When we’re born again into God’s family,
- we too should bear certain characteristics, certain qualities, some even physical in how we live and act, that connect us to our Heavenly Father and to His Son, Jesus.
- Things that people can see, notice, recognize.
That’s exactly what happened to Jesus’ followers that Luke later tells us about in Acts 11:26 And in Antioch the disciples were first called Christians.
It was the unbelievers in town that called the followers of Jesus who attended the church in Antioch, Christians. They saw Jesus, in His followers.
In Romans 8:29 the Apostle Paul tells us a very similar thing about those who are followers of Jesus Christ.
- For those whom He foreknew He also predestined to be conformed to the image of His Son…
Listen, that takes the idea of our family resemblance way back to the beginning, to before we were born. You see, it was always God’s plan
- that we would live like Jesus
- and look like Him to the world around us.
Just so no one makes any mistakes about who is part of God’ family, Jesus gets specific as to our family resemblance. …My mother and my brothers are those who hear the Word of God and do it.
Later, Jesus’ half-brother James will write this:
- But be doers of the Word, and not hearers only, deceiving yourselves. For if anyone is a hearer of the Word and not a doer, he is like a man who looks intently at his natural face in a mirror. For he looks at himself and goes away and at once forgets what he was like. But the one who looks into the perfect law, the law of liberty, and perseveres, being no hearer who forgets but a doer who acts, he will be blessed in his doing. (James 1:22-25)
Jesus is saying that key to a relationship with Him, key to all those who claim to be My follower, a Christian, is this:
- That you Obey My Word. All of My Word.
The Apostle John records Jesus saying this in John 14:21
- Whoever has My commandments and keeps them, he it is who loves Me. And he who loves Me will be loved by My Father, and I will love him and manifest myself to him.
To make His point even stronger Jesus in John 3:36 says: Whoever believes in the Son has eternal life; whoever does not obey the Son shall not see life, but the wrath of God remains on him.
Obedience, for the Christian, is not an option. And it’s perhaps the single most important trait that’s a part of our family resemblance to Jesus.
Conclusion: Yes, I believe we live in a Post-truth world.

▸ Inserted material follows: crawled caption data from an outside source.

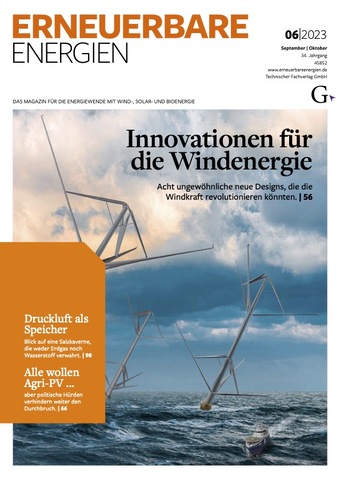 Issue cover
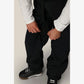 686 GoreTex Dojo Hose 2026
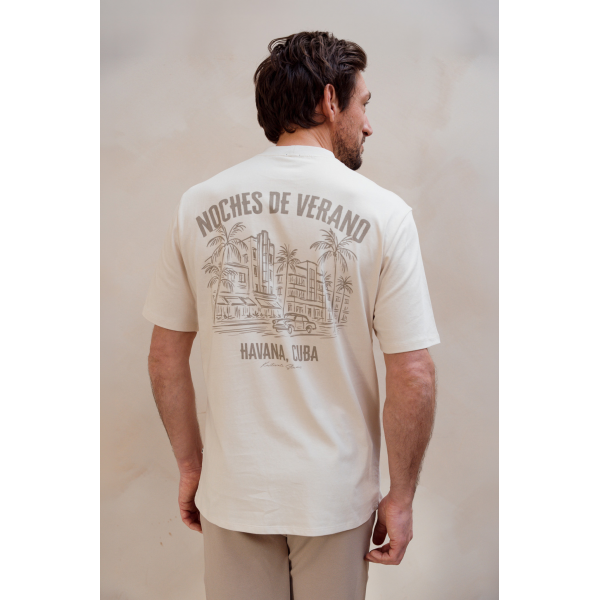 Kultivate ts luxury verano
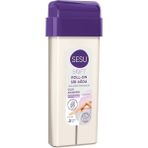 Braventa Collection Sesu Roll On Sir Ağda Soft 100 ml - Standart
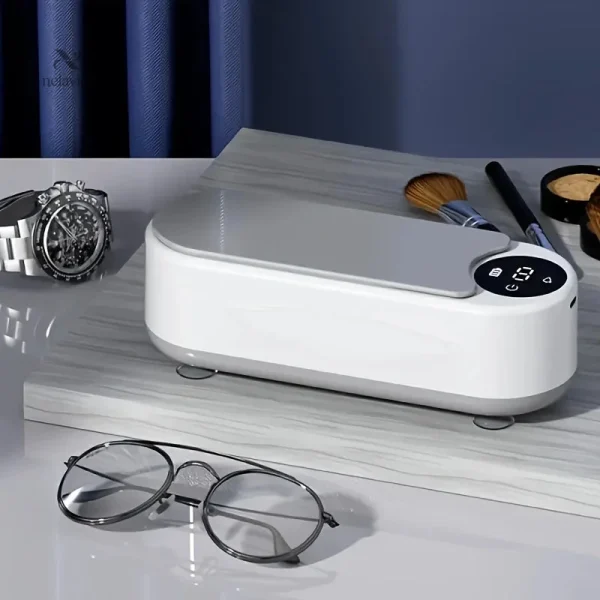 nettoyeur-ultrasonique-bijoux-appareil-professionnel-digi-gfwtc3-1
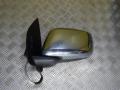 Зеркало наружное левое Nissan Pathfinder (R51M) Внедорожник 2008г. - фото №2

Everyone is doing that they thing is right in their own eyes:
- Because there is no one telling them it’s wrong anymore.
- Because there are few who are willing to live the kind of life that spreads the light of God’s Truth in the dark places around them.

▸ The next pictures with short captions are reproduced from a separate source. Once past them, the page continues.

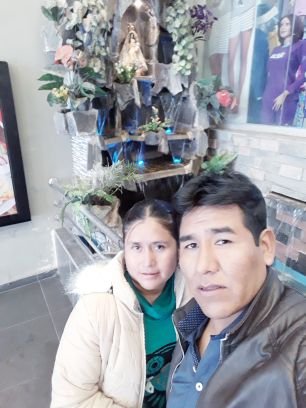 ChurquipaEdson's profile picture. fútbol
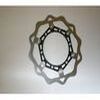 DISQUE DE FREIN GALFER WAVE DF301FLW FLOTTANT YZ YZF WR125 250 0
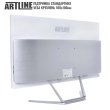 Моноблок ARTLINE Home G43 Windows 11 Pro (G43v34Winw)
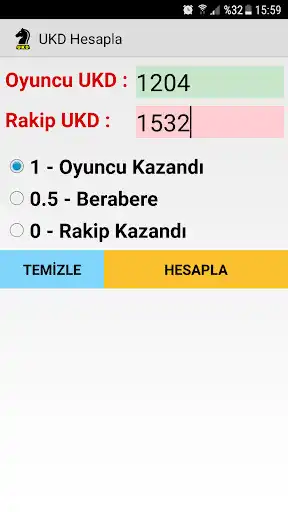 Play UKD Hesapla and enjoy UKD Hesapla with UptoPlay Play UKD Hesapla and enjoy UKD Hesapla with UptoPlay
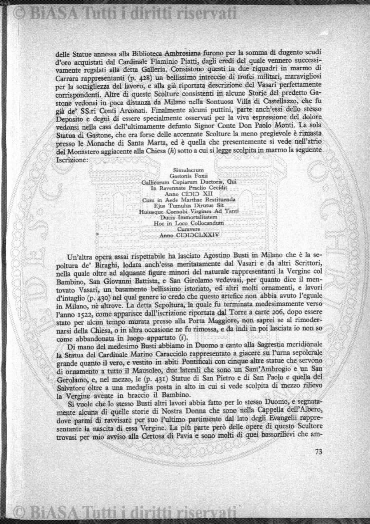 v. 8, n. 22 (1841-1842) - Pagina: 169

So here’s the big picture, the flow of Luke 8:4-21:
- We hear God’s Word, seeds of His Truth have been planted in the soil of our hearts.
- We nourish the soil of our hearts, so the seeds of God’s truth can continue to produce fruit in our lives.

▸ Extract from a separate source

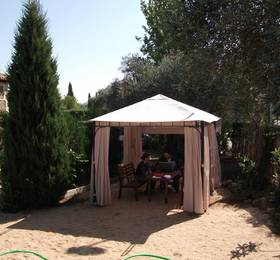 Casa Del Olivar в Толедо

- Making us a light in the darkness to all those who are lost.
- And, as the seeds of God’s Truth are developing in the soil of our hearts,
- our obedience to those Truths, will reveal to a lost world, that we truly are part of God’s family.
One last illustration: One Sunday as they drove home from church, a little girl turned to her mother and said, “Mommy, there’s something about the preacher’s message this morning that I don’t understand.” The mother said, “Oh? What is it?” The little girl replied,
“Well, he said God is bigger than we are. He said God is so big that He could hold the whole world in His hand. Is that true?” The mother replied, “Yes, that’s true, Honey.” “Mommy, he also said God comes to live inside of us when we believe in Jesus as our Savior. Is that true, too?”
Again, the mother assured the little girl that what the pastor had said was true. With a puzzled look on her face the little girl then asked, “If God is bigger than us and He lives in us, wouldn’t He show through?” (Freddy Fritz)
I think we should regularly ask:
- Mirror, mirror on the wall, do you see Christ in me at all?